1937 Mercedes-Benz 540 K Cabriolet A by Sindelfingen
Unveiled at the Paris Auto Salon in the fall of 1936, Mercedes-Benz’s supercharged 540 K immediately distinguished itself from most other grand touring models of the era. The brand’s chief engineer, former racing driver Max Sailer, made sure that the car’s 5.4-liter straight-eight engine could deliver enough horsepower—in this case, the output peaked at 180 hp—to propel the car beyond 100 mph. In fact, the 540 K was so capable that the automaker kept racing driver Goffredo “Freddy” Zehender on retainer in the UK to serve as a technical advisor and demo driver.
The example that rolled across the RM Sotheby’s block is one of 32 opulent, Cabriolet A-style tourers built by Sindelfingen, of which only 18 are believed to still exist. This survivor is particularly noteworthy for being essentially a matching-numbers car, one that boasts its original chassis, engine, gearbox, and bodywork. “Most people would consider the chassis to be the true identifier of a car’s identity,” explains Gord Duff, the global head of auctions for RM Sotheby’s. “If you don’t have the original chassis then you can argue that you don’t have the original car.”
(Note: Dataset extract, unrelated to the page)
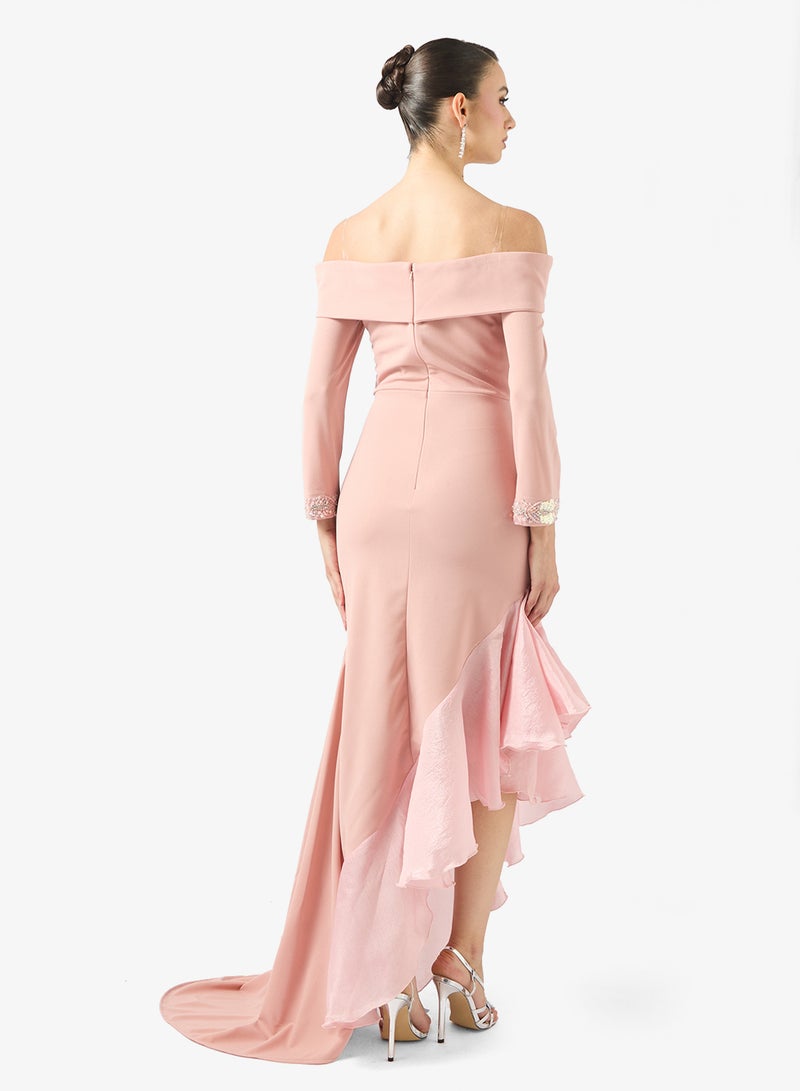 نمشي x فستان بحافة مكشكشة غير متماثلة - Image 2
Aside from its high level of originality and authenticity, this 540 K—which sold for 2.25 million euros (about $2.5 million)—is a desirable prewar classic based on the model’s reputation alone. “The 540 K is the embodiment of style and performance and incredible build quality,” Duff says, adding that the period in which the car was built—a time of European racing dominance for Mercedes-Benz—was the “golden era for the marque.”
1959 Mercedes-Benz 300 SL Roadster
Two decades after Mercedes-Benz wowed motoring audiences with its 540 K, the German automaker once again captured auto enthusiasts’ attention by unveiling an open version of the brand’s now-iconic Gullwing 300 SL. Already the fastest street legal car of its day (not to mention the first production car to incorporate fuel injection technology), the 300 SL in its new roadster form delivered more practicality and better performance than its Gullwing predecessor.
Following substantial mechanical and cosmetic restoration projects executed in 2014, the 1959 Mercedes-Benz 300 SL Roadster that sold for 893,750 euros (about $1 million) offers its new owner a sublime motoring experience. “The 300SL is one of the most iconic sports cars of the 1950s,” says Duff. “Fast and stylish, they are wonderful cars to drive. Although the Gullwing is often the more coveted of the two, it is the roadster that provides the better driving experience, being lighter and with a far cooler and less crammed cabin.”